Probably more of a general Stern question, so my apologies, but has anyone ordered accessories from Stern lately? I ordered a shooter rod & side blades on the 5th and they havent even shipped yet, curious if anyone knows what kind of lead time they typically pull off.
thanks

I don’t know Stern’s typical lead times, but keep in mind EVERYTHING is taking longer in shipping. The only things I’ve received even remotely on time are prepackaged commodity things, or custom made items where the manufacturer had a huge inventory of parts. And I’m not even talking about pinball

#9465 2 years ago

Went to the Pinball Hall of Fame in Lv again this weekend, and again, Elvira was down.

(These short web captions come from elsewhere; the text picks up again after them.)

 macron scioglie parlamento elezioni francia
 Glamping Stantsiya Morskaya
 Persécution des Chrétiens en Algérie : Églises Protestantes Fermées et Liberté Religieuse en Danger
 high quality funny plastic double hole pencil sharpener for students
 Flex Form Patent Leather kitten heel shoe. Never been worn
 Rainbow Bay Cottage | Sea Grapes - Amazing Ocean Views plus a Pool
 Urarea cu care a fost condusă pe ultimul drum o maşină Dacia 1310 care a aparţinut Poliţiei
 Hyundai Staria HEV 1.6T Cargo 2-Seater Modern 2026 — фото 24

The staff said it's a problematic machine for them, but one of them said it's because it was a first run game.

Does that mean the issues from the first run have been resolved in subsequent runs? I'd like to feel as though mine will be "better" on delivery next year. I'm getting it regardless, because come on...it's a great game when it works, right lol? Just trying to get a feel for what issues I can expect to need to address most likely on delivery.

#9466 2 years ago
Quoted from gambit3113:

I want the side armor, if I can find it. Haven’t seen it in stock anywhere.

nitropinball.com has them for pre-order. I paid for a set. Still hoping Stern isn't going to change their mind about making more.

#9467 2 years ago
Quoted from Ruenin:

Went to the Pinball Hall of Fame in Lv again this weekend, and again, Elvira was down. The staff said it's a problematic machine for them, but one of them said it's because it was a first run game.
Does that mean the issues from the first run have been resolved in subsequent runs? I'd like to feel as though mine will be "better" on delivery next year. I'm getting it regardless, because come on...it's a great game when it works, right lol? Just trying to get a feel for what issues I can expect to need to address most likely on delivery.

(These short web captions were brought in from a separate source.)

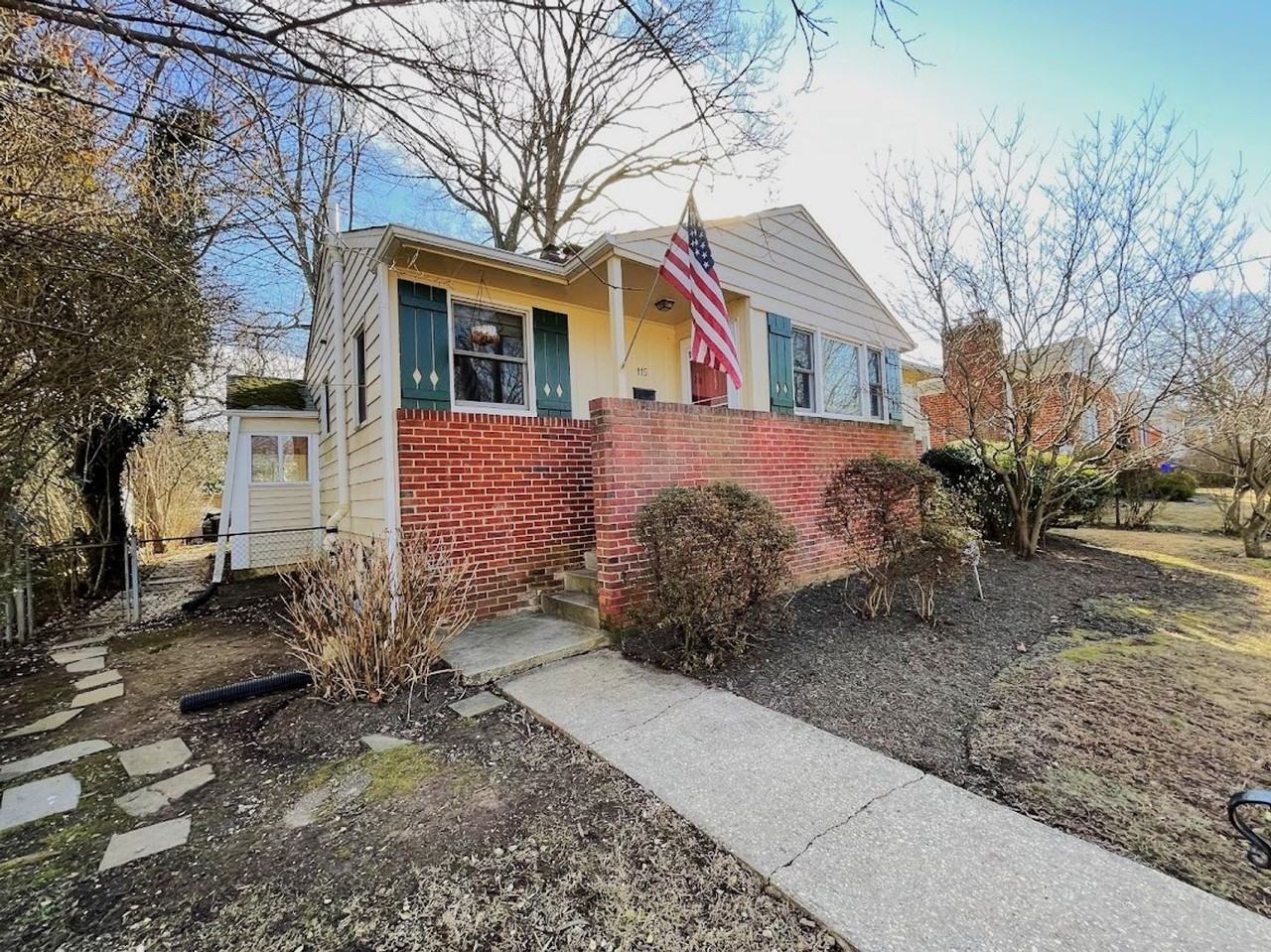 115 Whitmoor Ter - Photo 2 of 15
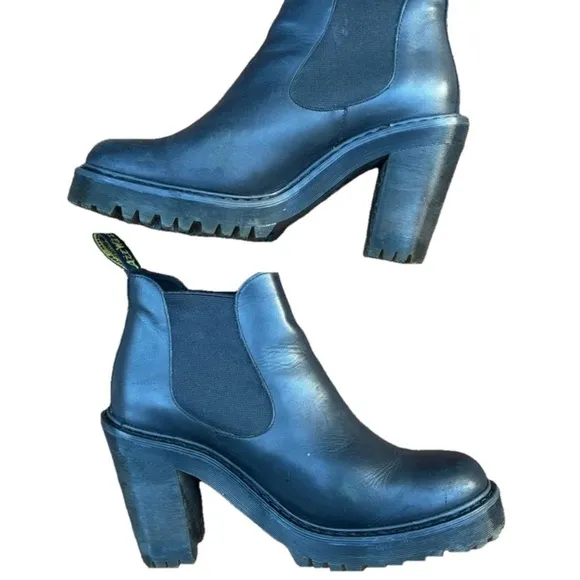Dr. Martens Hurston Black Leather High Heeled Boots Chunky Platform Women’s 8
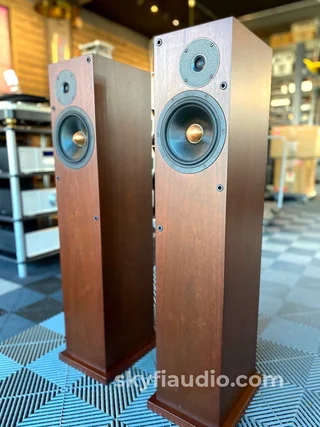 ProAc Response D15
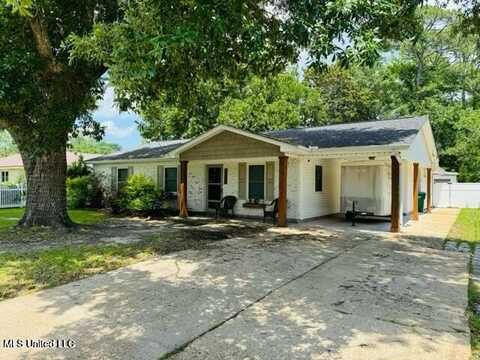 512 Halstead Road, Ocean Springs, MS 39564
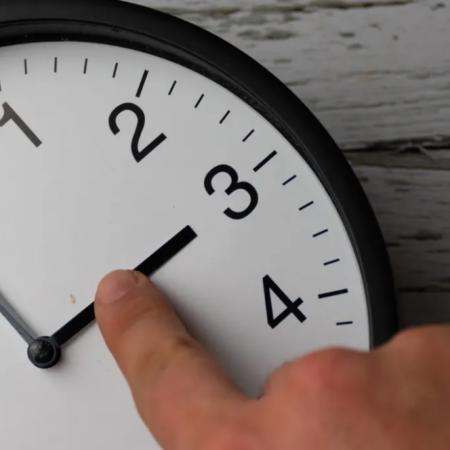 Expertos destacan beneficios por el cambio del huso horario en Argentina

the issue we've seen over and over again on this game is the ramp opto. I wonder if that's what it is there as well

#9468 2 years ago

It does seem to be a little bit of a persnickety game. But nothing is a deal breaker or really all that hard to correct, if you do run into one of the three or four common issues. I sold my Stranger Things Premium to get my EHOH, and ST was FAR more difficult to dial in and address the issues it had (TK lock alone is more troublesome than all of EHOH). EHOH might be the most level-demanding pin I have ever seen. Level and pitch seem to clear up the majority of issues. I do recommend finding and following the Stern pdf for VUK repair, which requires removing a couple of screws, turning the mech about 1/2 an inch and then tightening back down - IF you have issues with the VUK being weak.

#9469 2 years ago
Quoted from gambit3113:

EHOH might be the most level-demanding pin I have ever seen. Level and pitch seem to clear up the majority of issues.

I agree with this. Surprisingly sensitive to being level and at the right pitch. Even the skill shot is particularly sensitive to it.

#9470 2 years ago
Quoted from Wzpin:

Continue to have this problem where the ramp will just open - and not shut - and it thinks that a ball went into the back door - you can hear it trying to eject. I just the spring underneath - seems fine. Not sure what to go from here. Some games it will work fine for a while - maybe it's two issues - once with the ramp - and one with a sensor in the scoop? Ideas?
[quoted image]

yes the alignment on the backdoor skill shot is off. Remove the house and adjust the upper opto. Also you might want to shim the lower opto since its sticks through the metal shelf the ball travels to the cellar.

#9471 2 years ago
Quoted from Ruenin:

Went to the Pinball Hall of Fame in Lv again this weekend, and again, Elvira was down. The staff said it's a problematic machine for them, but one of them said it's because it was a first run game.
Does that mean the issues from the first run have been resolved in subsequent runs? I'd like to feel as though mine will be "better" on delivery next year. I'm getting it regardless, because come on...it's a great game when it works, right lol? Just trying to get a feel for what issues I can expect to need to address most likely on delivery.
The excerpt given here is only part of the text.